Quality control of extracted spectra

The number of spectra in the pre-release of May 2009 (1235) was small enough so that each spectrum could be inspected visually. In this visual quality control process ~40% of the spectra were discarded primarily because of high contamination from nearby sources, but also for the presence of deviant pixels either saturated or lying near the edges of combined chips. When selecting the spectra to be published, we adopted the general principle that although contaminated to some level many spectra can still provide useful information on the nature and redshift of the source. In many cases where the extraction region is not optimal, a simple re-extraction of the 1D spectrum from the 2D slitless cutout can produce a better result. For this reason we include those spectra in the release and provide a script for a customized extraction.

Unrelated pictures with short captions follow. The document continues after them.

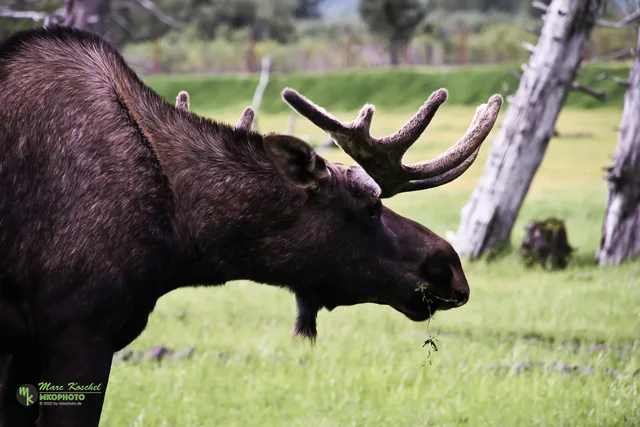 Moose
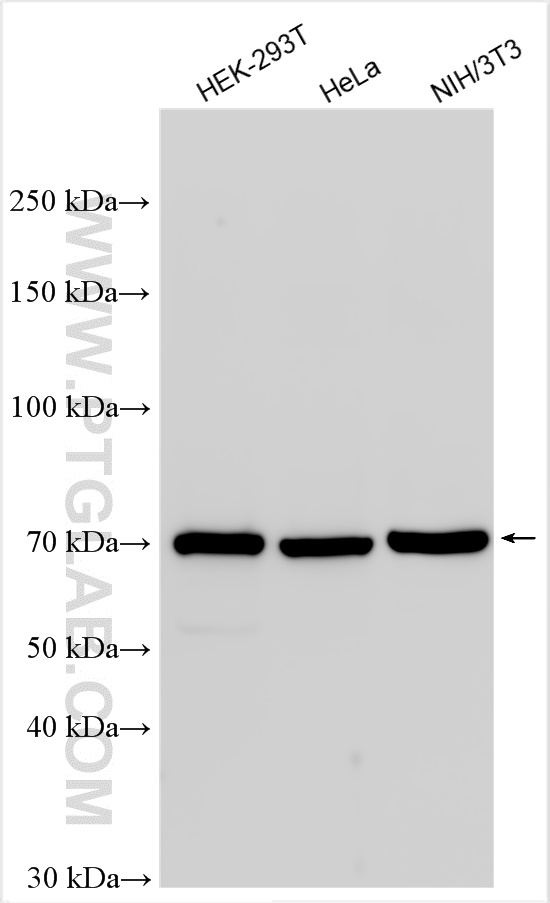 WB analysis using 13274-1-AP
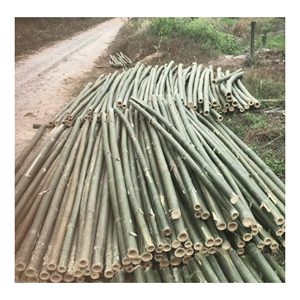 Poteau en bambou naturel fabriqué à partir de matériaux de bambou sélectionnés pour la construction et la fabrication de cadres de meubles au Vietnam - Product Image 4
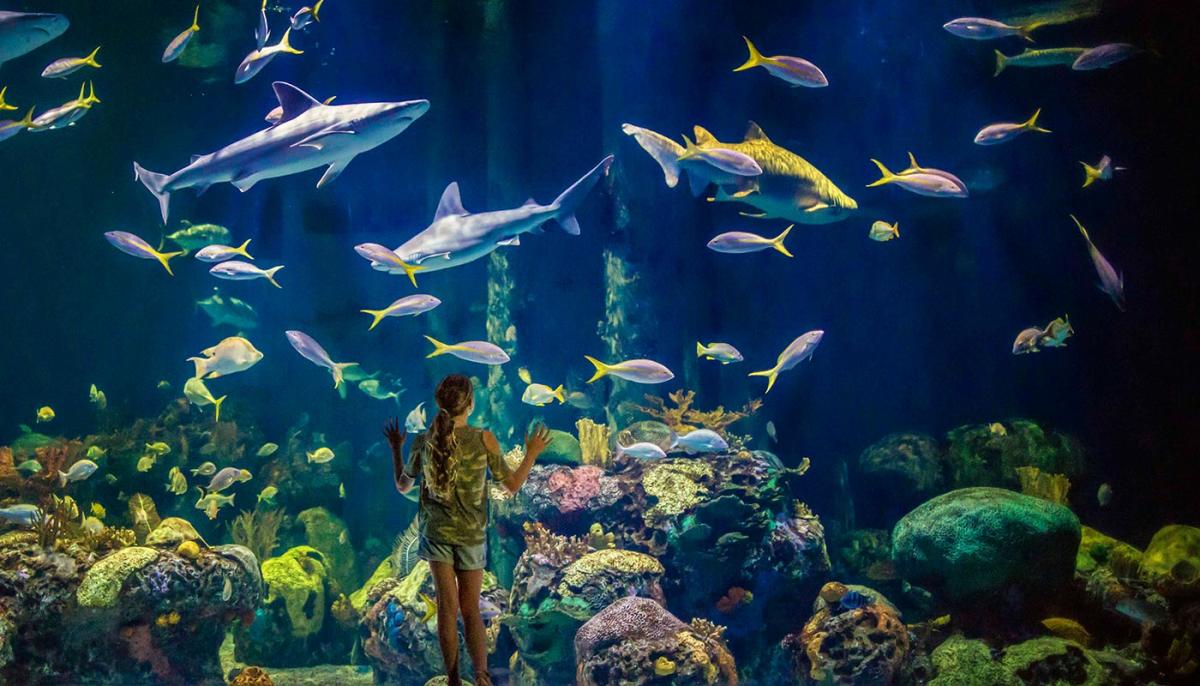 Wonders of Wildlife National Museum & Aquarium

Since visual inspection of the full sample (73581) of this release was no longer an option, we have explored ways of automatic classification using machine-learning techniques. The idea is to first train an algorithm with a relatively small number of hand-classified spectra using measured values such as the estimated contamination fraction, the signal-to-noise ratio, the magnitude, the position of the maximum of light on the 2D spectrum or the exposure time. In a second step then, ideally the remaining spectra can be classified automatically with the algorithm returning the classification of the spectrum at hand by finding the classification of the most similar spectrum in the training set.

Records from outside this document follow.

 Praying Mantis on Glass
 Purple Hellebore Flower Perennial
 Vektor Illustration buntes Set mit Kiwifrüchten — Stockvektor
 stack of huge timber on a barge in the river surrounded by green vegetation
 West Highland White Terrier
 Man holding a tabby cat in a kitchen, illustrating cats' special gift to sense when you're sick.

In practice, it turns out that there is a surprisingly large percentage of spectra that are borderline cases (roughly 25%) between the spectra that are unambiguously publishable and those that are not. Instead of a final fully-automatic classification we therefore use the machine to separate the spectra in two groups, "good" and "bad", and then visually inspect the group classified as "good" only throwing out catastrophic failures. Such spectra are typically cases where the failure is obvious and also can be seen in the parameters but where just the number of occurrences in the training set is too small for the algorithm to build up expertise. A typical example are spectra with gaps in the values due to saturation or cosmic ray impact. The "bad" spectra, primarily highly contaminated spectra, due to the overlap of the dispersed light of near-by sources aligned along the dispersion direction are not looked at or only very quickly.

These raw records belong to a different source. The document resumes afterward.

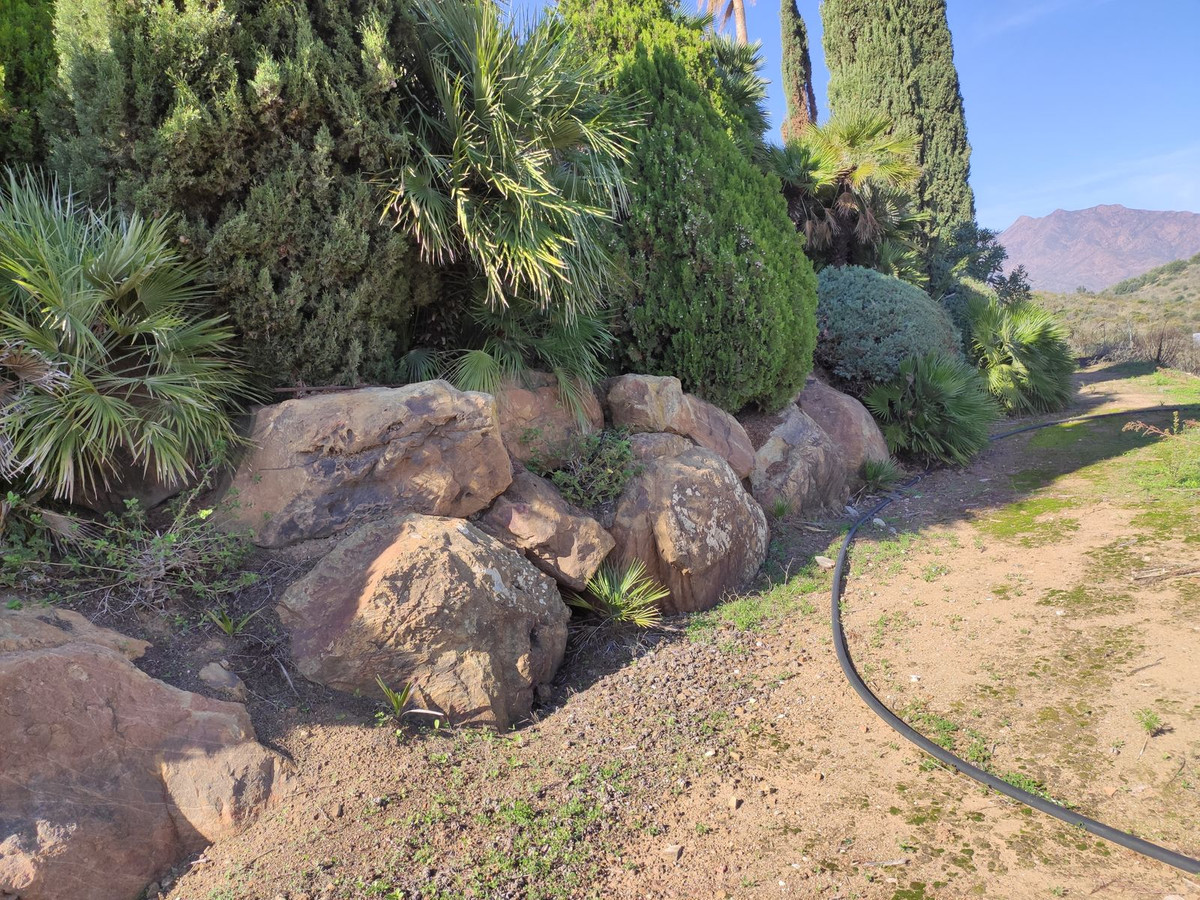 Property main view 125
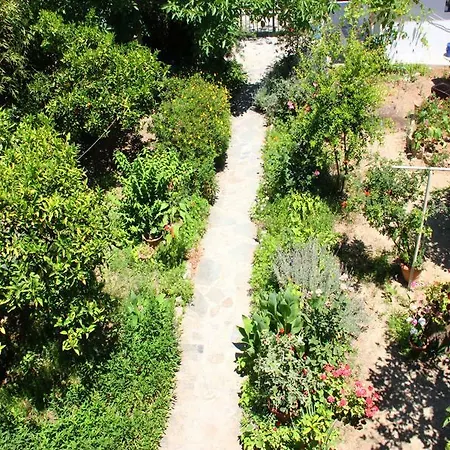 Guest house Hotel Ikaros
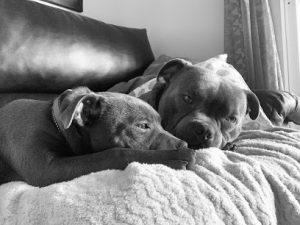 mejores-residencias-caninas-perros-zona-ciudad-manilva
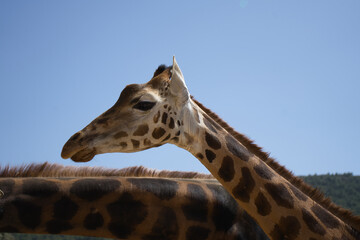 giraffes outdoors in Alicante, Spain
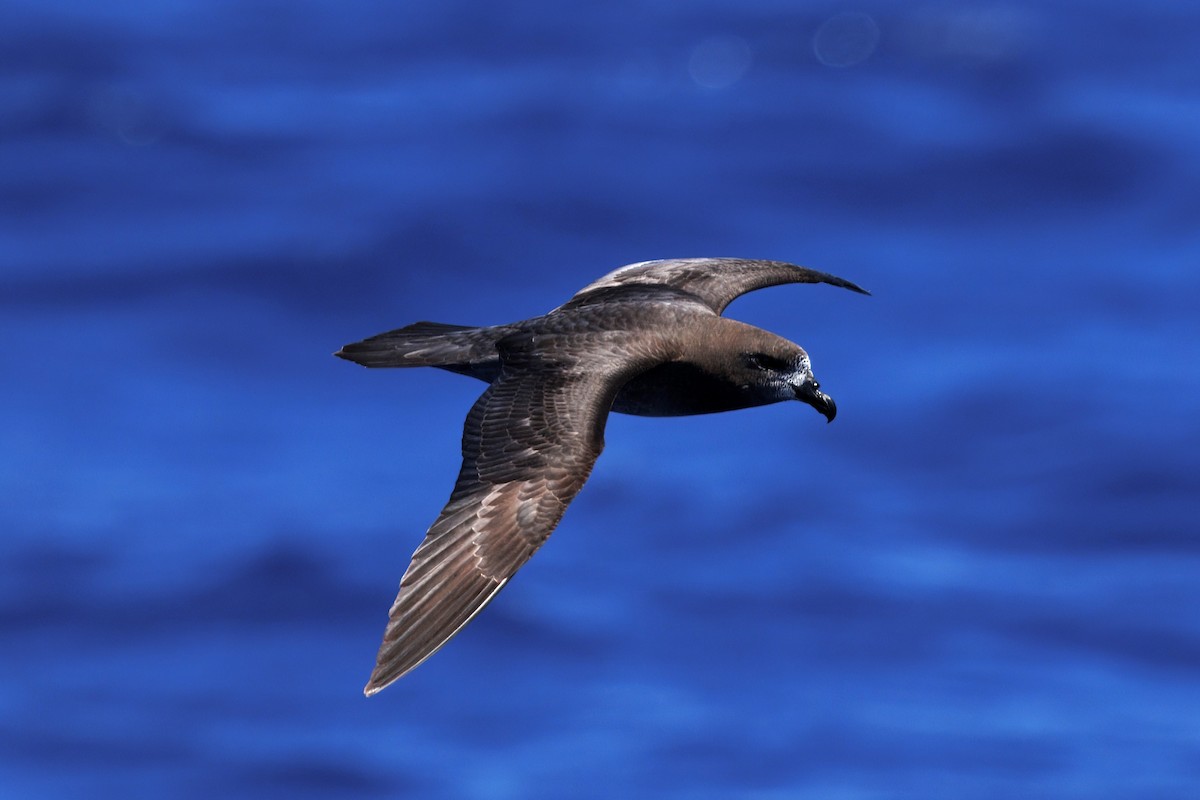 Providence Petrel - ML643745156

To illustrate the problem of classification, we show some example of spectra classified as "bad" by the algorithm but considered "good" or "acceptable" by the visual inspection or spectra which were wrongly classified as "good" by the automated process

The classification was carried out using the weka (Hall et al. 2009) software package. The machine learning algorithms are trained with 2/3 of the consolidated training set of 2020 spectra from the visually inspected sample (out of a total of 73581 spectra) and the quality of the classification is measured by applying the trained algorithm on the independent remaining 1/3 of the inspected set. Several algorithms showed similar performance for the task at hand. The final algorithm chosen was ClassificationViaRegression using an M5P tree which had a very high total classification rate (90%) and a very low rate of false negatives ("good" spectra classified as "bad"). This classification quality is roughly that a single scientist can achieve by visual inspection.